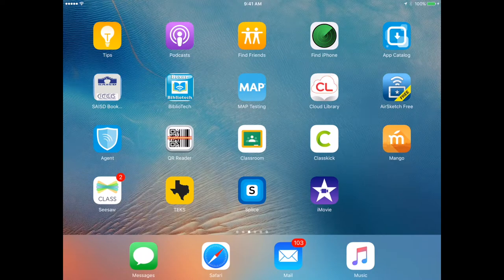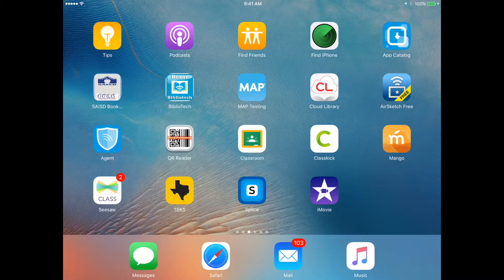Hello, this is Ernest Gonzales with the SAISD Office of Digital Teaching and Learning. I'm here with a tutorial to help you out with iMovie on iPads.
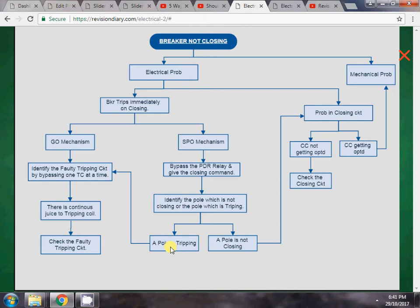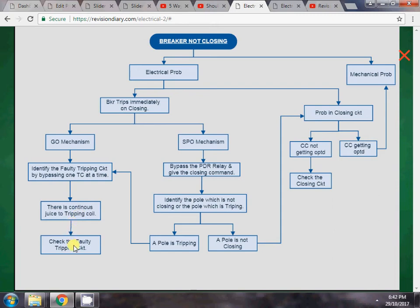If, for example, the R phase pole is tripping, we have to identify the faulty tripping circuit by bypassing one trip circuit at a time. There are two tripping coils in the tripping circuit. We bypass one tripping circuit, keep trip coil 2 in service, and give the closing command. If the breaker then closes, the bypassed tripping coil is faulty or is receiving a continuous signal. We then check that faulty tripping circuit.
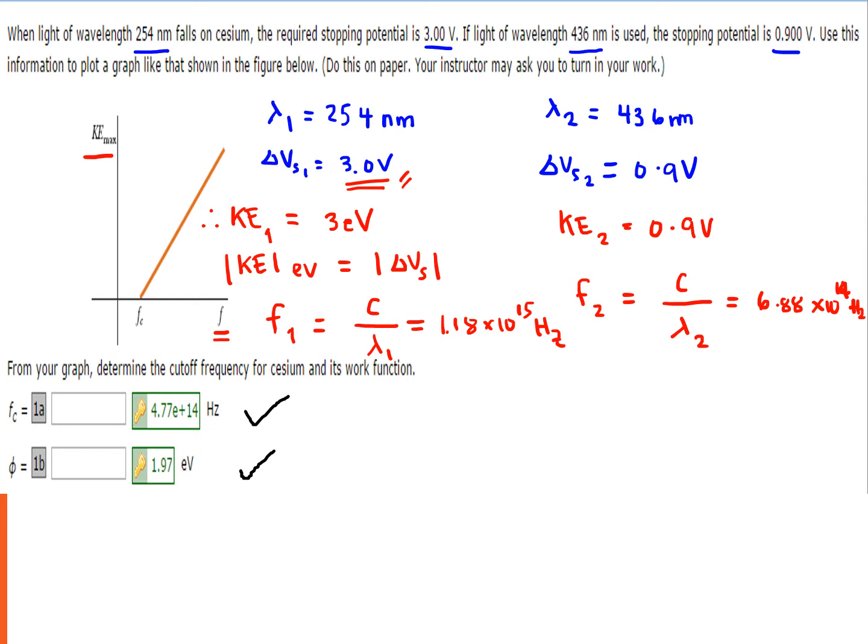Now, in order to solve for the cutoff frequency for cesium and its work function, we consider that F2 — the frequency corresponding to the second wavelength — is equal to 6.8 times 10 to the power of 14 hertz.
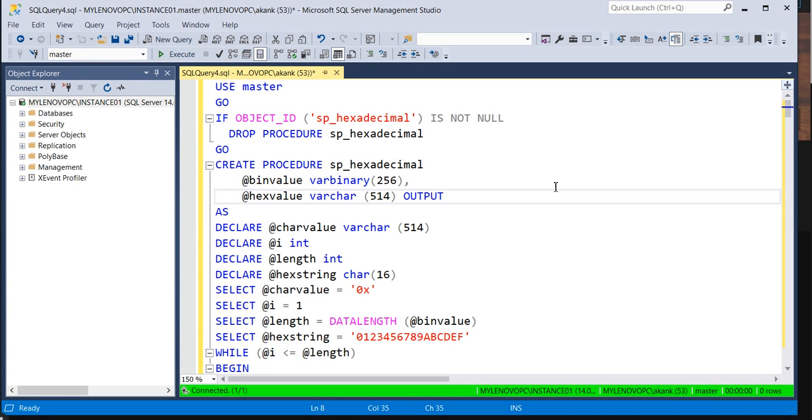I will share this script with you guys. You can utilize it. This is a very helpful script. Once you execute this script on your legacy SQL Server instance, what it will give, you can see. Right now, let's assume this is my legacy SQL Server instance.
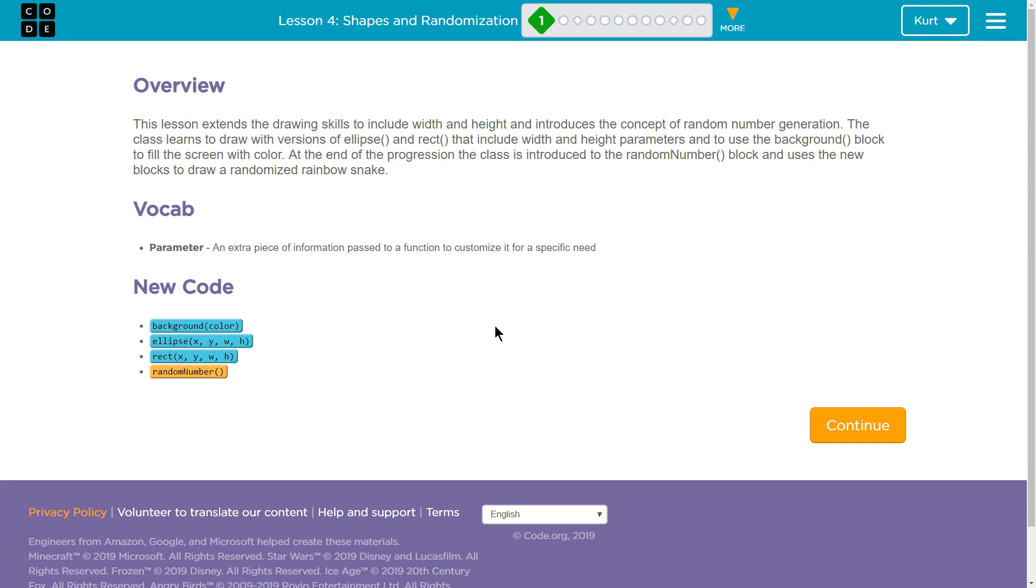At the end of the progression, the class is introduced to the random number block and uses the new blocks to draw a randomized rainbow snake. Cool.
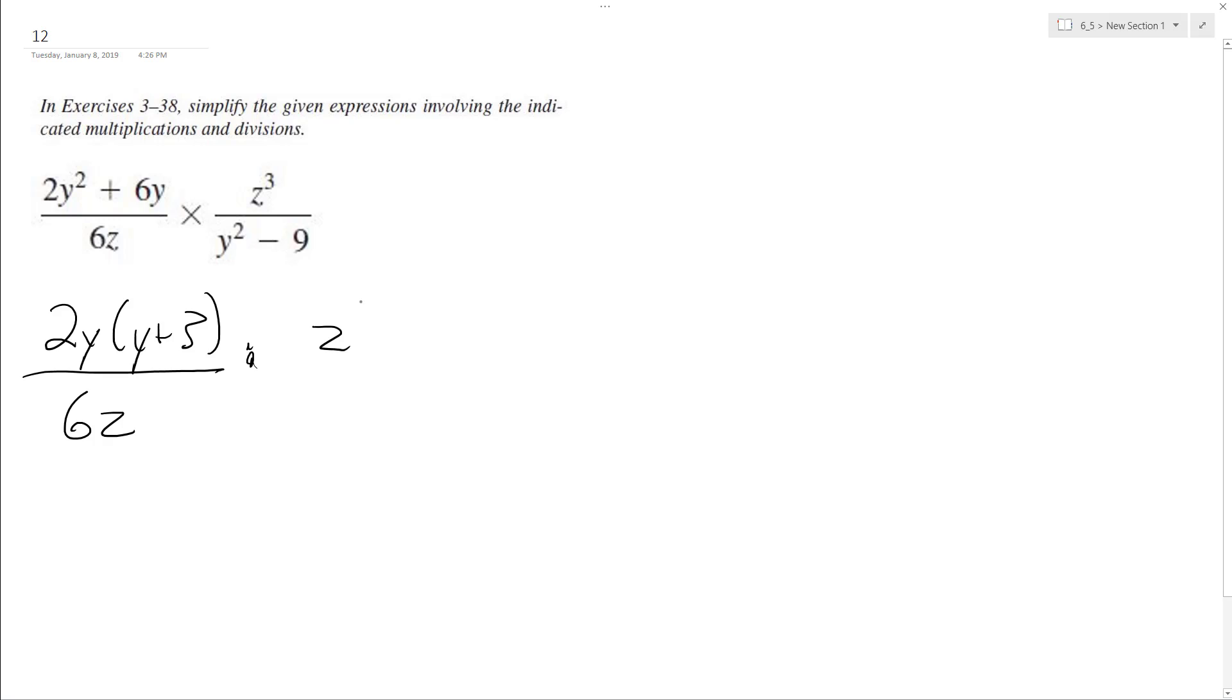And over here, z cubed over y plus 3, y minus 3.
_____
### [ASSIGNMENT]
Every line from the one containing "Now, in order" through the last line of the data, both included, is to be repeated exactly; the pictures are to be left out.

### [RESULT]
Now, in order to solve for the cutoff frequency for cesium and its work function, we consider that F2 — the frequency corresponding to the second wavelength — is equal to 6.8 times 10 to the power of 14 hertz.
I will share this script with you guys. You can utilize it. This is a very helpful script. Once you execute this script on your legacy SQL Server instance, what it will give, you can see. Right now, let's assume this is my legacy SQL Server instance.
At the end of the progression, the class is introduced to the random number block and uses the new blocks to draw a randomized rainbow snake. Cool.
And over here, z cubed over y plus 3, y minus 3.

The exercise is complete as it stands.